DIRECTIONS FOR THIS TASK: Without including any pictures, copy each entry below exactly.

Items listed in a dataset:

================================

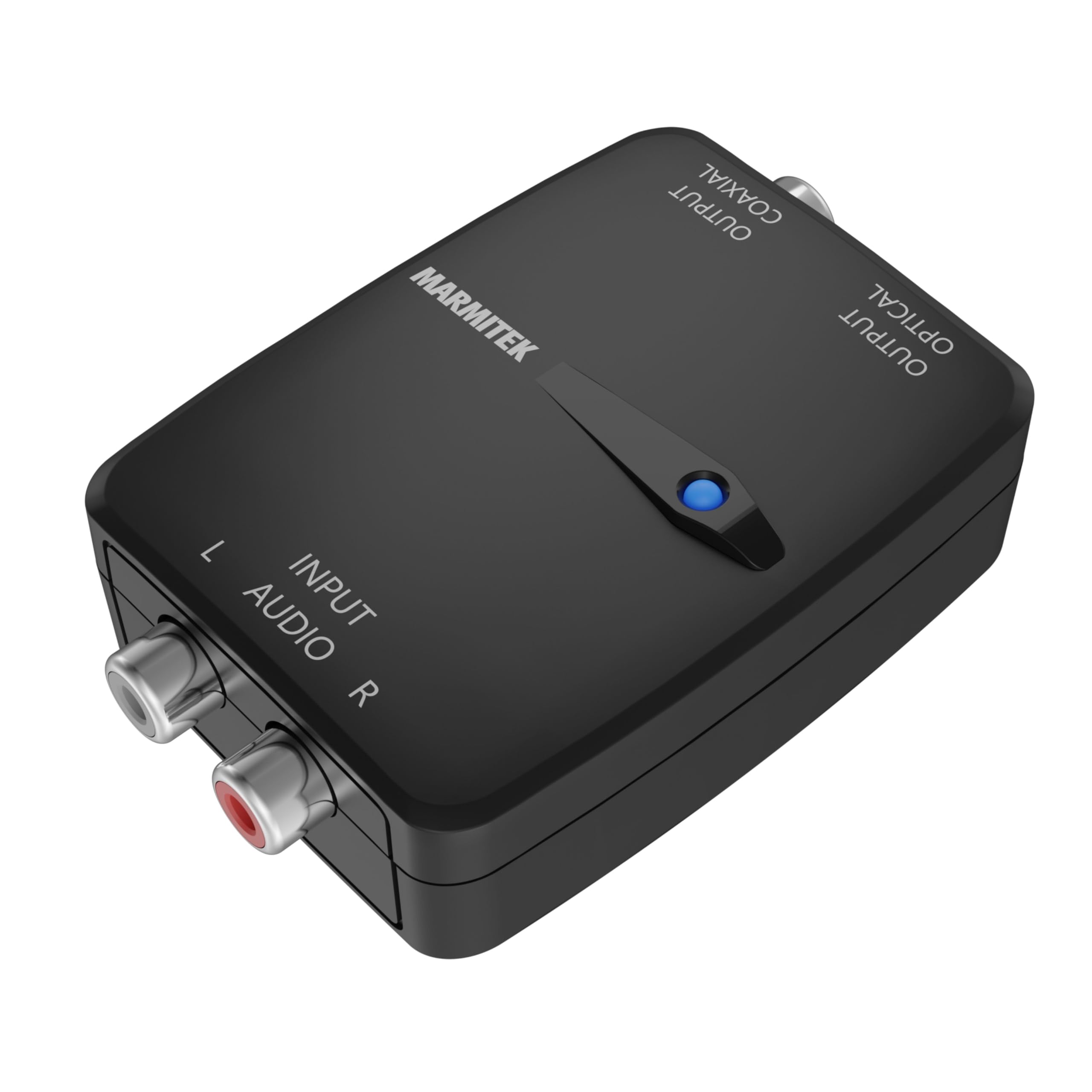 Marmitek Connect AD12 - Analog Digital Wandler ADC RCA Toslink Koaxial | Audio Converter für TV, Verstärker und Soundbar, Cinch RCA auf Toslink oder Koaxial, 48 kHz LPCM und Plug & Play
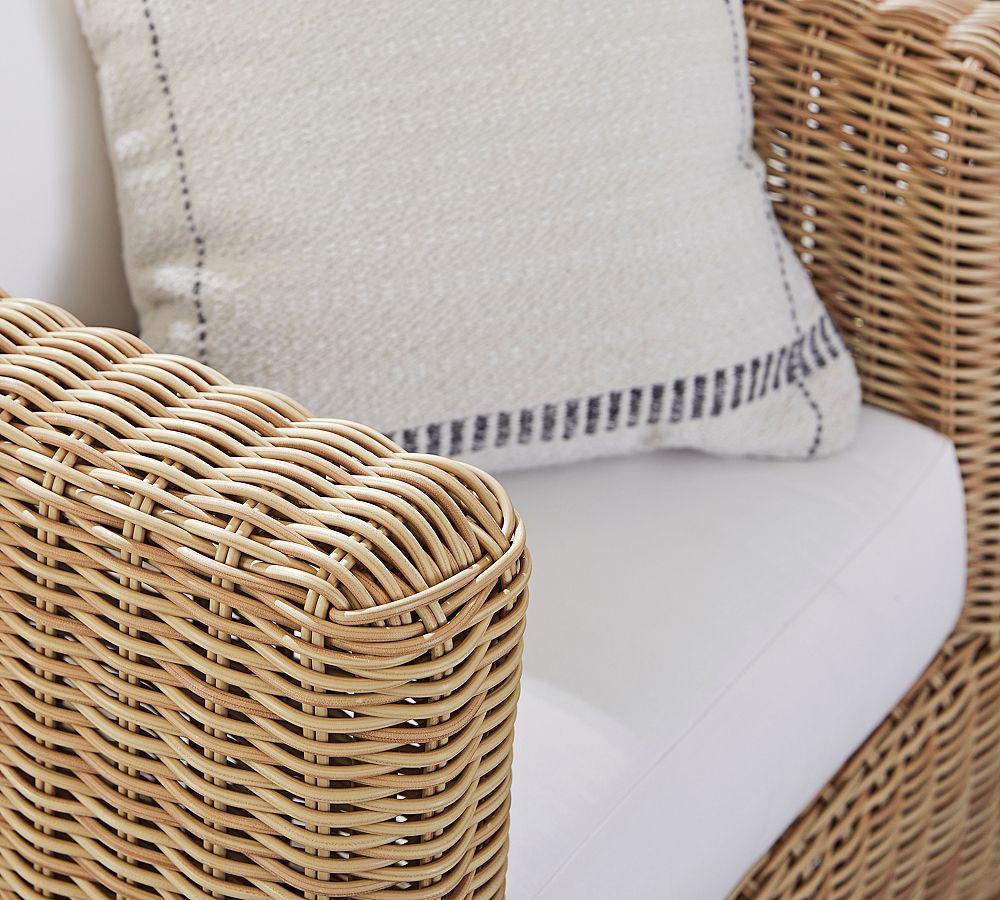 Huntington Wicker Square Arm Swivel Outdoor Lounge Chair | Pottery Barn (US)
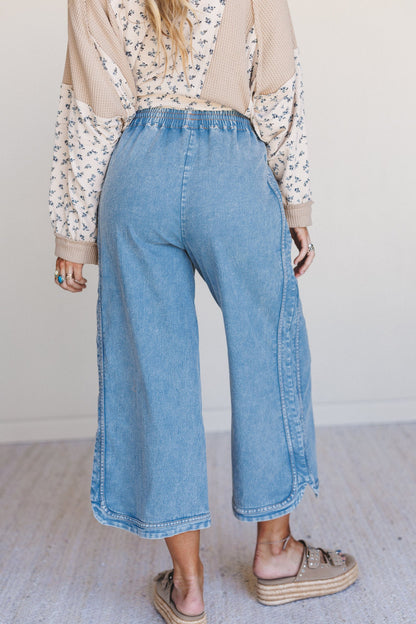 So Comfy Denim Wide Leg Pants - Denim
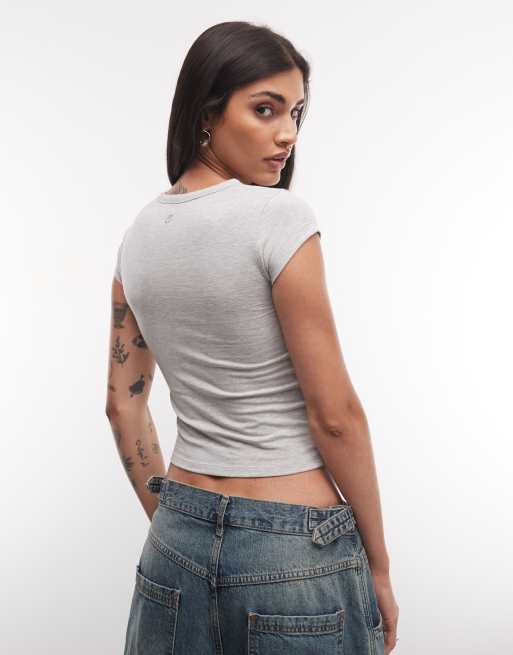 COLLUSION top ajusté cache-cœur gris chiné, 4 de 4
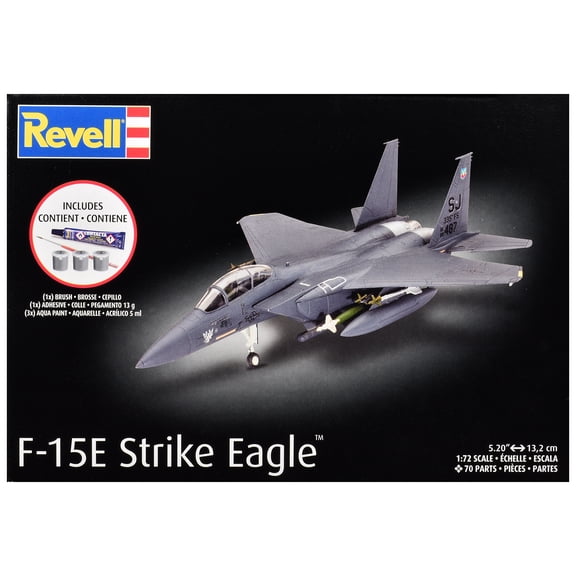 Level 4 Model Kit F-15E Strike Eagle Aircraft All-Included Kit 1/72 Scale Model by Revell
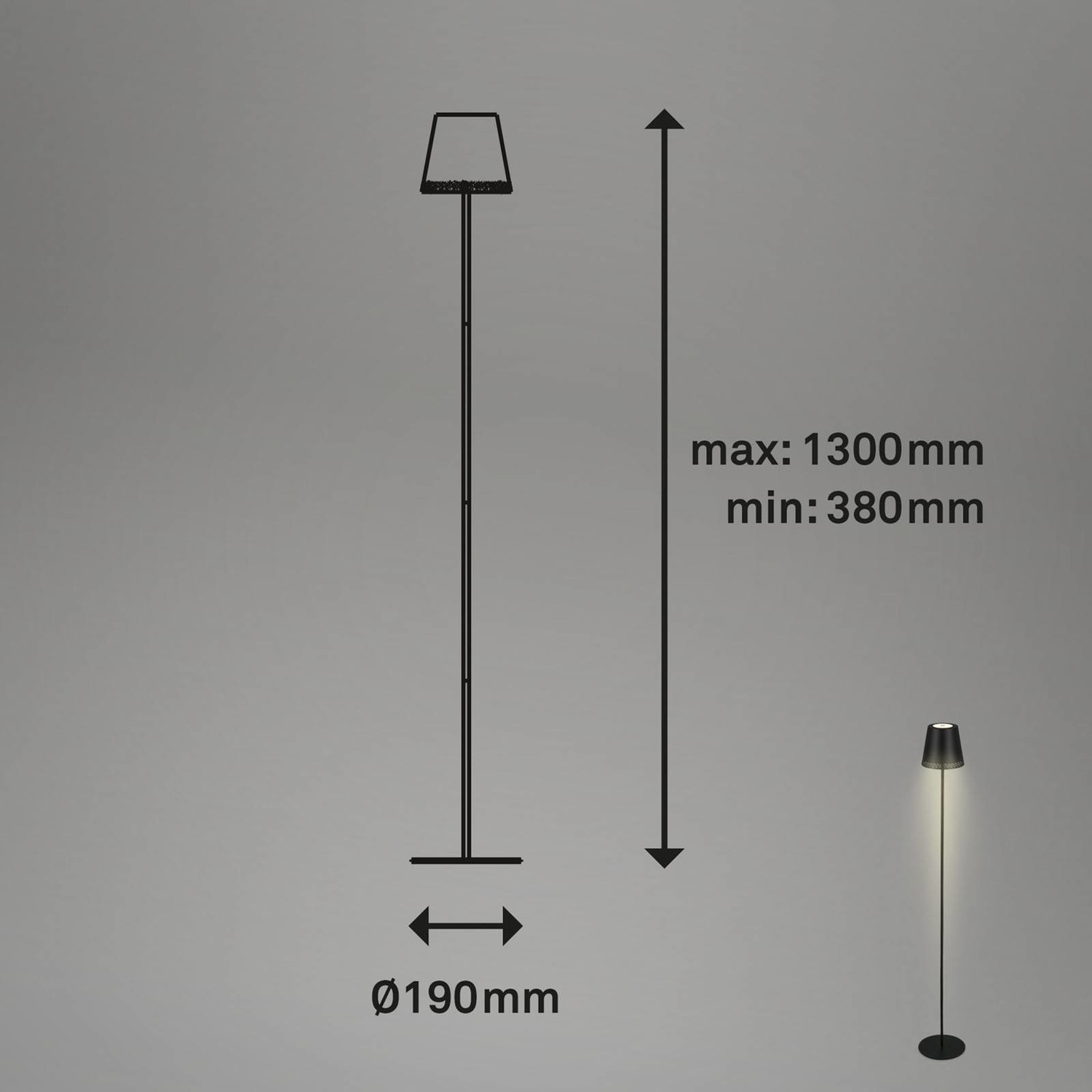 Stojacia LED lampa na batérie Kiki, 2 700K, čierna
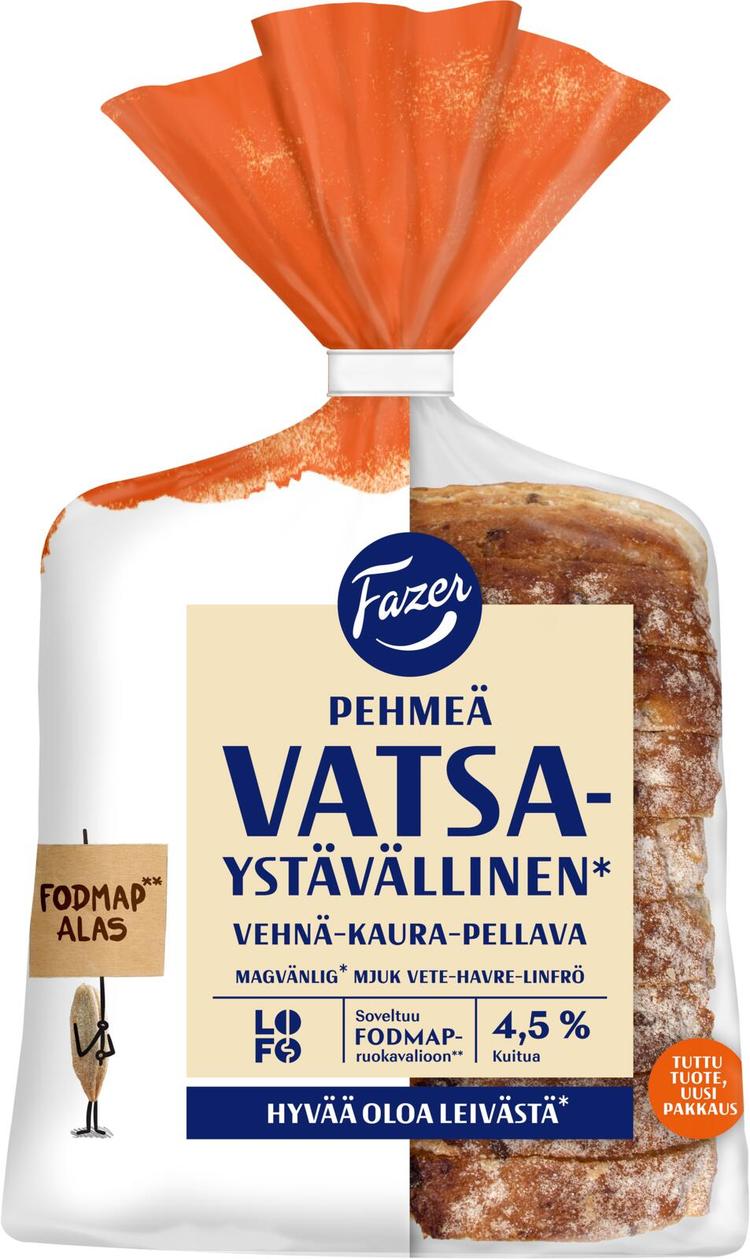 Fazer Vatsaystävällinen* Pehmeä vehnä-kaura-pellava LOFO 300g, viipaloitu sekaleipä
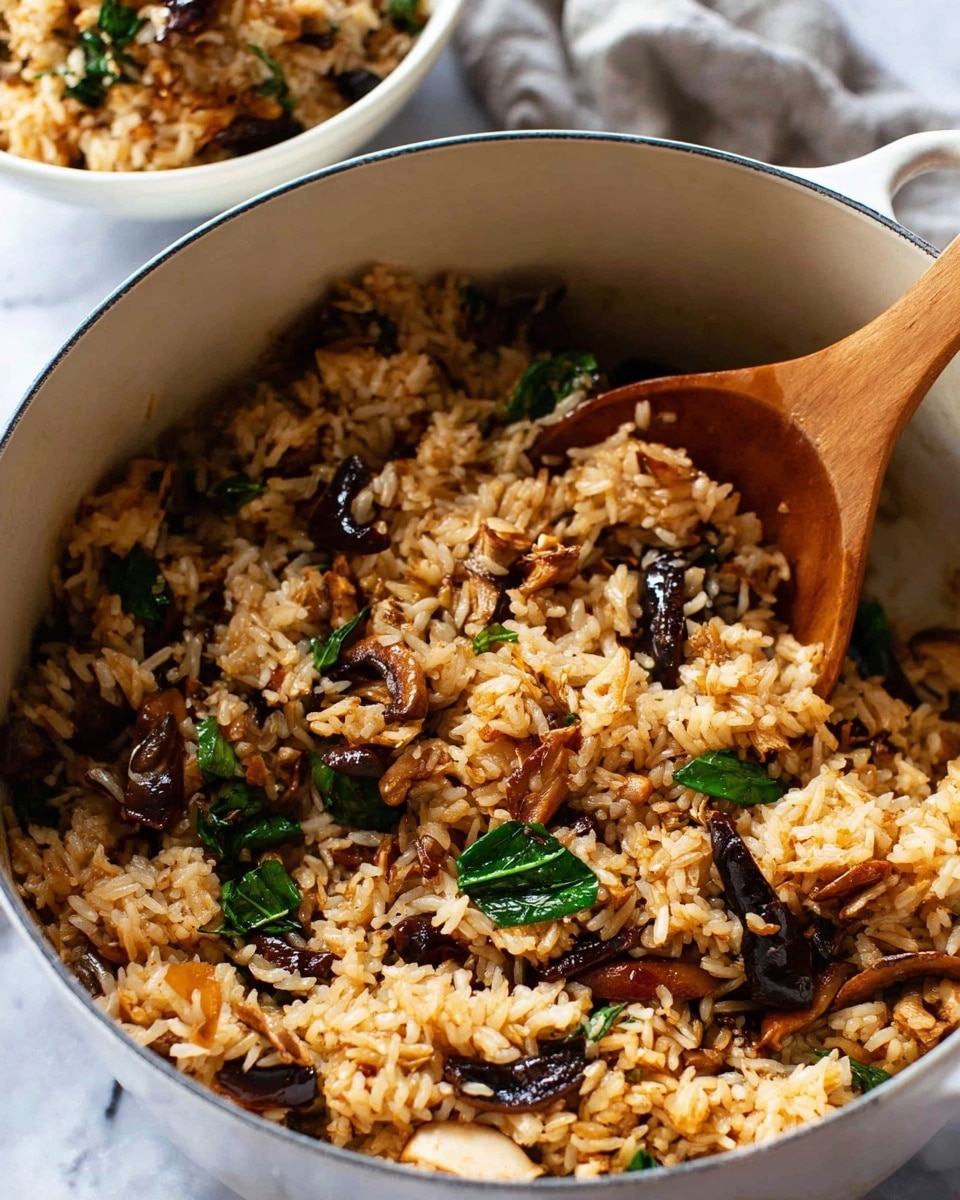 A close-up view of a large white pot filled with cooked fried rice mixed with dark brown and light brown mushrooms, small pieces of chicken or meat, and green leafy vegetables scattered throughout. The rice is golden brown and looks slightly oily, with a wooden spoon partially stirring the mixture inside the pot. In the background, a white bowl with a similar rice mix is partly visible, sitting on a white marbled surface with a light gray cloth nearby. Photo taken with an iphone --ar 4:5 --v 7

================================

SOLUTION FOR THIS EXERCISE:
 Marmitek Connect AD12 - Analog Digital Wandler ADC RCA Toslink Koaxial | Audio Converter für TV, Verstärker und Soundbar, Cinch RCA auf Toslink oder Koaxial, 48 kHz LPCM und Plug & Play
 Huntington Wicker Square Arm Swivel Outdoor Lounge Chair | Pottery Barn (US)
 So Comfy Denim Wide Leg Pants - Denim
 COLLUSION top ajusté cache-cœur gris chiné, 4 de 4
 Level 4 Model Kit F-15E Strike Eagle Aircraft All-Included Kit 1/72 Scale Model by Revell
 Stojacia LED lampa na batérie Kiki, 2 700K, čierna
 Fazer Vatsaystävällinen* Pehmeä vehnä-kaura-pellava LOFO 300g, viipaloitu sekaleipä
 A close-up view of a large white pot filled with cooked fried rice mixed with dark brown and light brown mushrooms, small pieces of chicken or meat, and green leafy vegetables scattered throughout. The rice is golden brown and looks slightly oily, with a wooden spoon partially stirring the mixture inside the pot. In the background, a white bowl with a similar rice mix is partly visible, sitting on a white marbled surface with a light gray cloth nearby. Photo taken with an iphone --ar 4:5 --v 7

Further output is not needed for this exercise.